David Kertzer, author of "The Kidnapping of Edgardo Mortara" (Knopf, 1997), says he has taken "legal action" against those behind the film "Edgardo Mortara." The movie reportedly is set to start shooting this fall in Italy, with Anthony Hopkins as Pope Pius IX. Rob Eshman, the editor of the Jewish Journal of Greater Los Angeles, wrote the screenplay.
Eshman declined to talk about the film project or legal matter. But he did tell The Jewish Week that he first read about Edgardo Mortara in a 1994 Jerusalem Post article and conducted his own research into the case. Kertzer would not discuss the details of the legal action, but said, "Part of my interest is just having more people read the book." He has agreed to let Pulitzer Prize winner Alfred Uhry write "Edgardo Mine," a stage play that opens at the Hartford Stage in October with Brian Murray as the Pope.
Kertzer claims that little was accurately known about the case before his exhaustive research produced the book, a nonfiction finalist for the 1997 National Book Award. "I was the first to get into all the papal archives and state archives in the various parts of Italy and to give a full-scale treatment of the story," said Kertzer, a professor of anthropology and Italian studies at Brown University.
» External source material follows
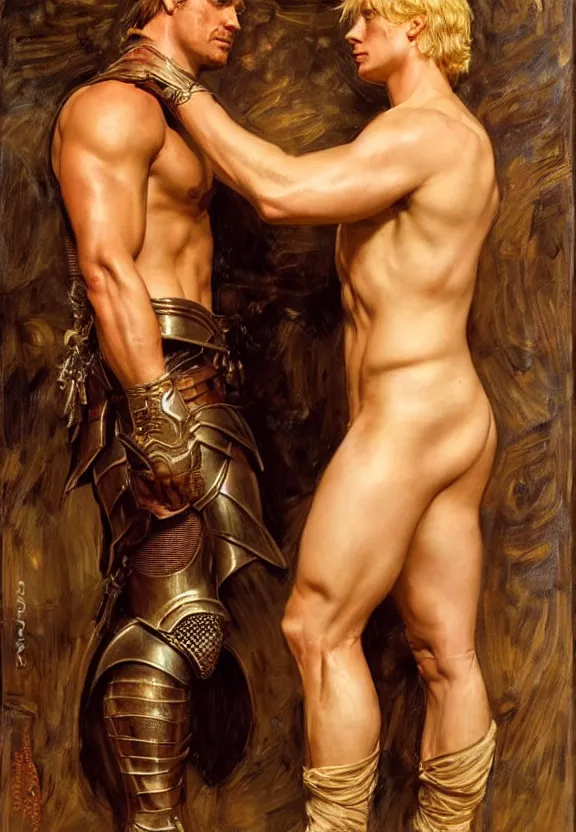 Prompt: attractive handsome muscly jaime lannister confesses his love for attractive fully armored brienne of tarth. highly detailed painting by gaston bussiere and j. c. leyendecker 8 k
The story is about a Jewish couple, Momolo and Marianna Mortara, whose child was taken by the Vatican in 1858 on the grounds that he had been secretly baptized. The case drew international attention, ultimately crippling papal rule and hastening the birth of a unified Italy. At the center of the controversy stood Pius IX, whose beatification in 2000 set off a firestorm of criticism among Jewish leaders here.
That year, Eshman wrote an editorial in the Jewish Journal commenting on the beatification controversy. At the bottom of the Web page bearing the editorial is an advertisement for Kertzer’s book.